Online gender based violence in children and young people

This week’s blog has been written by Leanne Patrick who is a Registered Mental Health Nurse and Gender Based Violence Nurse Specialist with NHS Fife in Scotland (@LeanneHPatrick).

Violence against women and girls comes in many forms and one of the most insidious is the growing phenomenon of internet based abuse. Normally taking place on social media platforms like Twitter, TikTok, Instagram and Snapchat, rates of sexual harassment, verbal abuse and threats are exploding amongst children and young people. Teen girls are the most frequent targets and the most psychologically affected, with increased rates of self harm, suicidal ideation and death by suicide coinciding with the advent of social media. This is a concern that is becoming increasingly urgent to address, as rates continue to climb in this population.

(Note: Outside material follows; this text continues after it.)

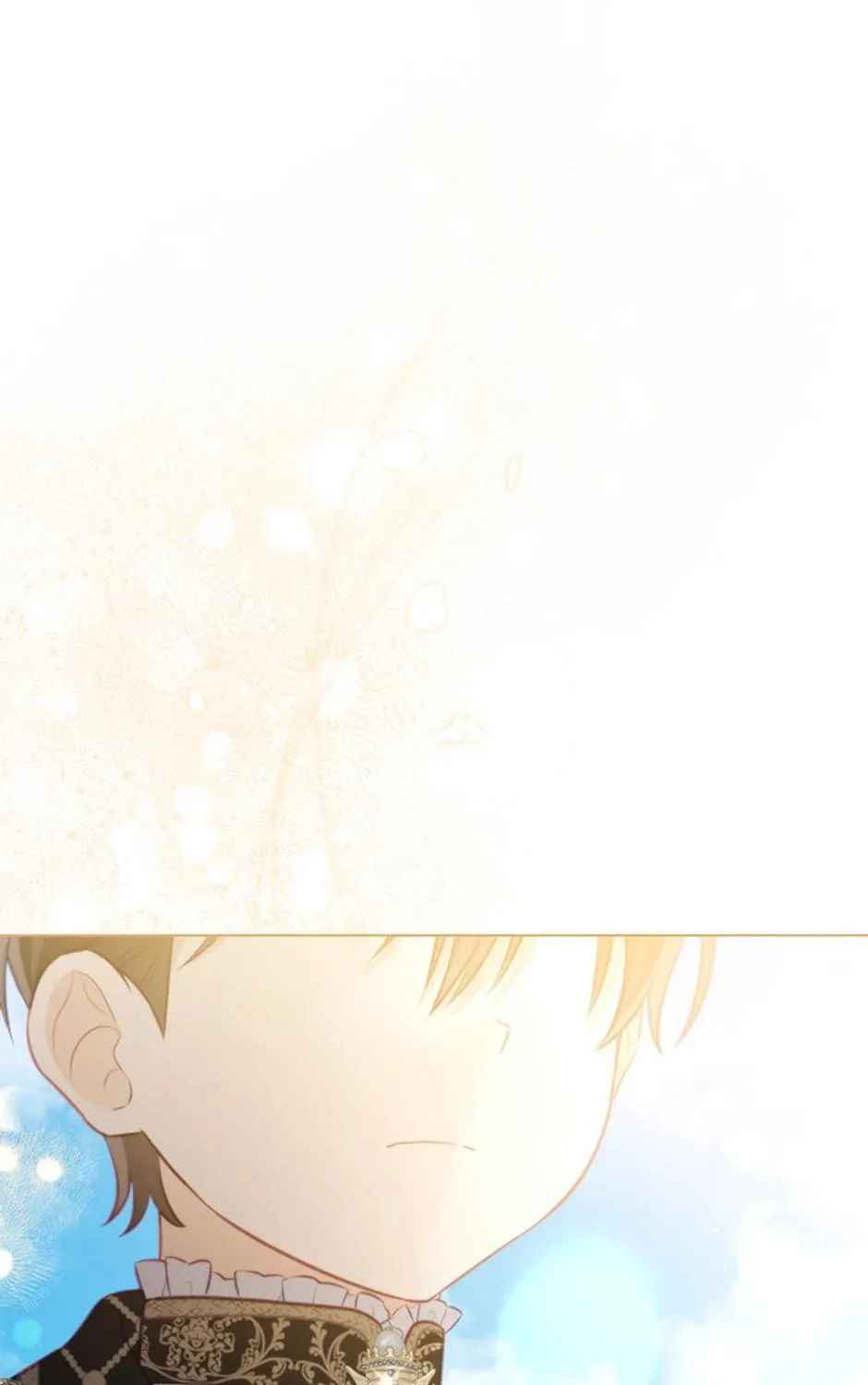 The Cute Little Saintess Chapter 49 page 192 -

Whilst many professionals who work with children and young people may be aware of some of these issues, there are variable levels of understanding and a large amount of this is most likely to be acquired knowledge rather than the result of focussed education or consciousness raising. Teachers, for example, are indicating that they are becoming aware of trends from listening to their pupils’ discussions or attitudes to certain topics and some may even be learning information directly from social media platforms. Nurses working in schools and within CAMHS are likely to be in a similar position.

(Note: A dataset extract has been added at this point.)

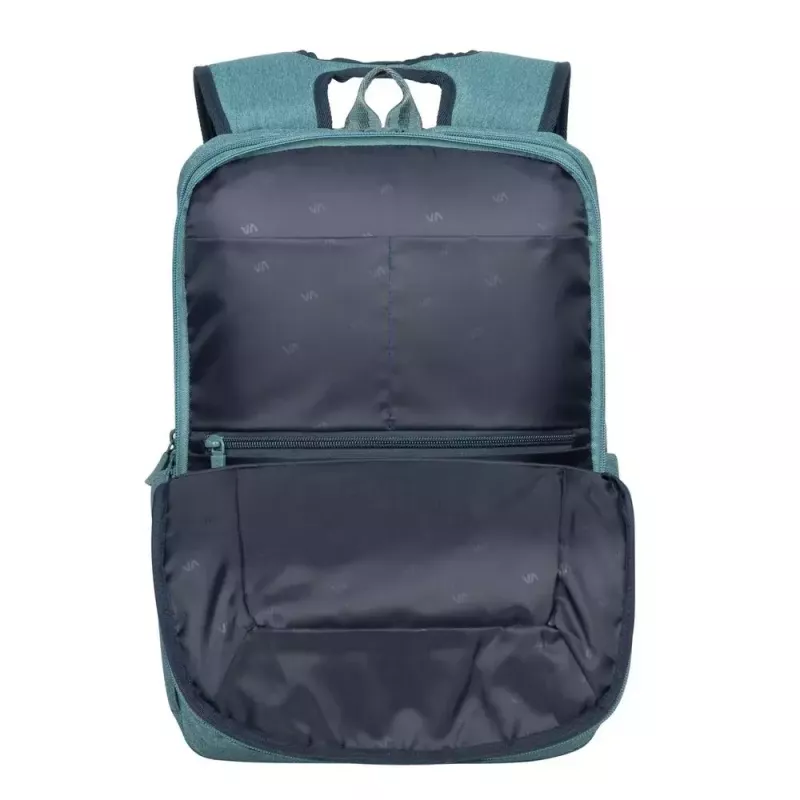 Freizeitrucksack Rivacase Suzuka 7760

But, without specific education or training, it can be difficult for most people to understand what is driving this increase in abuse and its resulting harms. And understanding this is essential to the protective and restorative conversations that need to take place in order to reverse the damage we are witnessing to the wellbeing of young people and young girls in particular. Having conversations with young people about healthy relationships and attitudes has a limited impact, if we cannot locate and interrupt the specific messages they are internalising and how this influences and shapes their outlook.

One example of this is the rise of Andrew Tate, an influencer who is frequently trending on TikTok for his extremely misogynistic and right wing views. Whether it’s in support of him or denouncing him, clips of his views are everywhere and most young people with social media will be aware of him and what he thinks. Tate, and others like him, weaponise the insecurities of men and boys for profit; they teach heteronormative, hypermasculine norms as the answer to anxiety and depression and quite literally sell these and other harmful tips as secrets to success. Tate has a captive audience on social media, where outrage generates infamy thanks to algorithms geared at increasing engagement – even if the engagement is negative.

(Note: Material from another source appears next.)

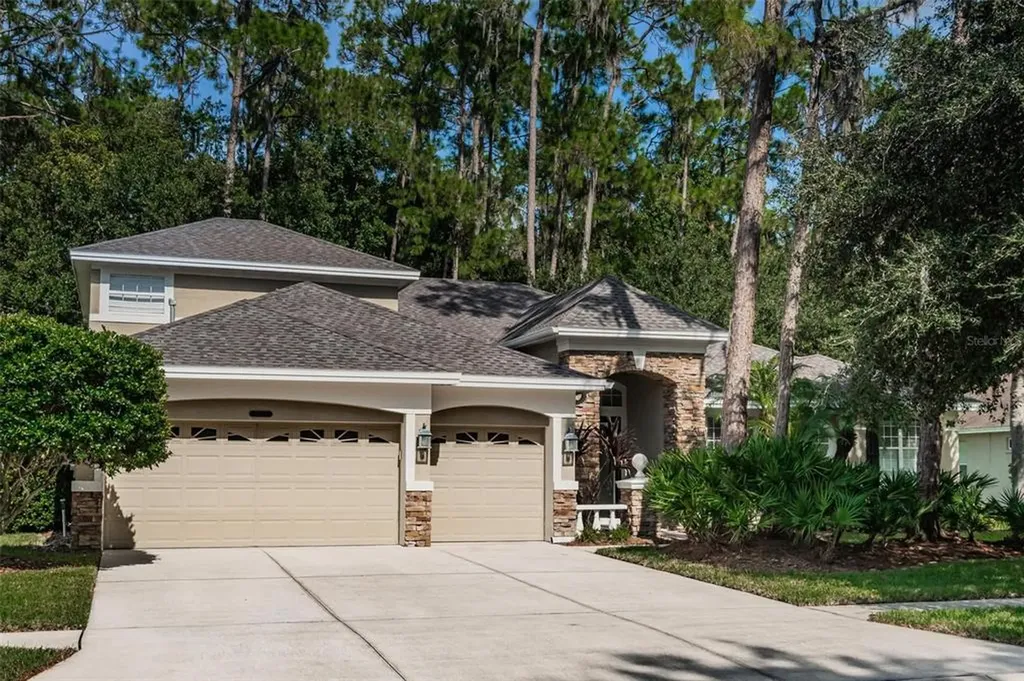 5108 Dunham Creek Place Brandon FL 33511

Troublingly, Tate frequently uses the misogynistic rhetoric of the Manosphere – a group of online extremist communities with hateful attitudes toward women and girls. Within the Manosphere, attitudes range from believing that women frequently lie about rape to believing that men are entitled to sex with women and that women should be distributed amongst men to ensure this. These communities have, in total, millions of members and their influence is increasingly becoming mainstream thanks to social media influencers like Tate. As a result, they are recruiting members in greater numbers and influencing mainstream rhetoric. Effectively, hatred of women is being normalised and even justified. All of this, unsurprisingly, translates into real world violence against women and girls.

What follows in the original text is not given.